The reduction in housing affordability has encouraged many people to try to achieve the American dream through the use of risky mortgages, such as adjustable-rate mortgages and interest-only mortgages. Rising housing prices also led many existing homeowners to refinance and go on a spending spree, which helped prop up the world economy. If housing prices collapse, many people will be paying mortgages that are greater than the residual value of their homes, which will lead to more defaults.
“The whole world economy is at risk,” said The Economist in 2005. “It is not going to be pretty.”
Meanwhile, the National Association of Realtors — who have been putting their members heads in the noose with their strong support of smart growth — tried to pump up the market by issuing a press release claiming that “Sales of existing homes rose in January, reaching the highest level in seven months.” This press release is accurate only in the sense that black is white and the sun rises in the West.

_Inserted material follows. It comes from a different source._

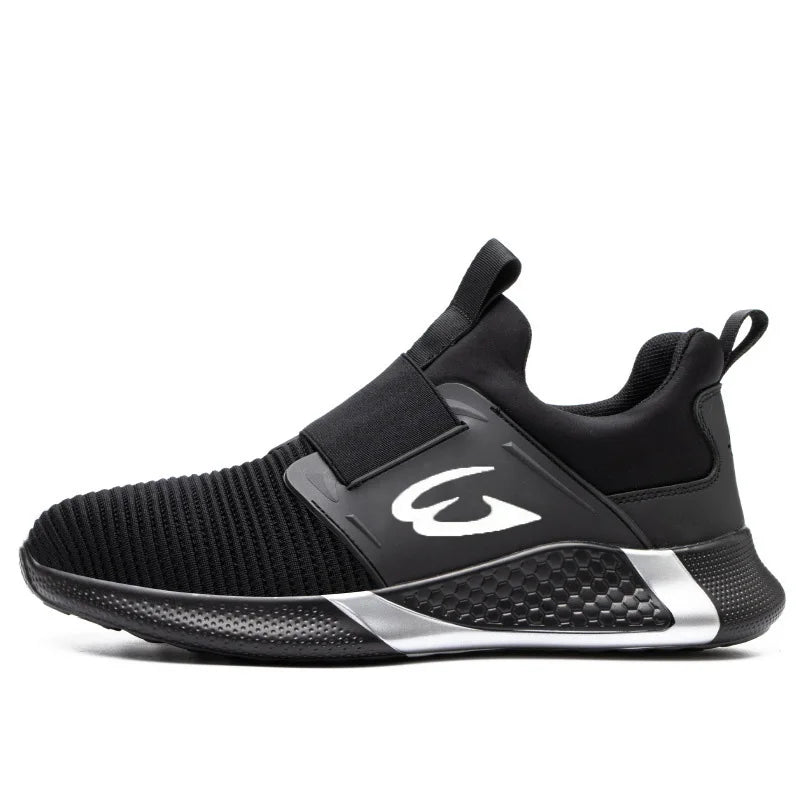 Black Lightweight Work Sneakers Anti-Impact And Anti-Piercing Safety Shoes Comfortable Breathable Construction Working Boots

In fact, the spreadsheet that the group offers to support its press release says entirely the opposite. Fewer existing homes were sold in January than in any month in more than a year. January sales were 363,000, which was 23 percent less than in December, which in turn was less than any month since last February. Sales in both January and February 2006 were greater than in January 2007.
So where does NAR get off claiming that sales were greater in January than in the previous seven months? Though you wouldn’t know it from reading their press release, they meant “seasonally adjusted sales.” Because of the weather, January is presumed to be the worst sales month, so the assumed annual rate based on January sales is higher than twelve times actual sales. But (as the press release admits) January 2007 had unusually mild weather, which pumped up sales a bit (though not as high as in January 2006).
This isn’t just spin; this is lying. The National Association of Realtors is lying to make prospective homebuyers think that the market isn’t collapsing so they won’t put off buying until prices fall some more.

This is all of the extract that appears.